This is the third book in the Doris Lessing series “The Children of Violence” which are her semi-autobiographical novels about Martha Quest, initially a young woman living on a farm in Rhodesia who confronts her mostly unambitious family and seeks to run away in the first book, he marries and confronts her immediate regret about conforming to patriarchal culture of young marriage in the second book, and who now finds herself in the midst of a political and intellectual awakening among the Communist intelligentsia of South Africa before WWII here in the third book.
She’s beginning to wonder at this point whether she’s finally landed at her life’s station in terms of intelligence, meaning, purpose, love, happiness, and mission. And I hate to say it, Martha, but you’ve still got growing to do.
Like a lot of books that came out post-WWII, a lot of the Communist writers from the 30s and 40s find themselves reckoning with unfettered Stalinism after the war. Martha is little different.

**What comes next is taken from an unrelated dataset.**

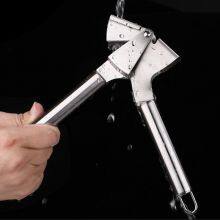 Kitchen Accessories Home and Kitchen Gadgets Garlic Squeezer Kitchen Tools Multifunction Garlic Press Crusher thumbnail-2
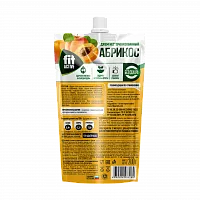 Джем Абрикос, дой-пак 200 гр фото 2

She realizes of course here that Communism is equally as patriarchal as Capitalism, only of a different flavor, and maybe there’s not yet the thing that she needs in her life at this stage.
What interesting for this novel and for me as a reader is seeing where we go from here given that Lessing already wrote what feels like culminating book on her youth in The Golden Notebook, but there’s two more novels in this series, both written after The Golden Notebook. It will be interesting to see how those books interact with that book.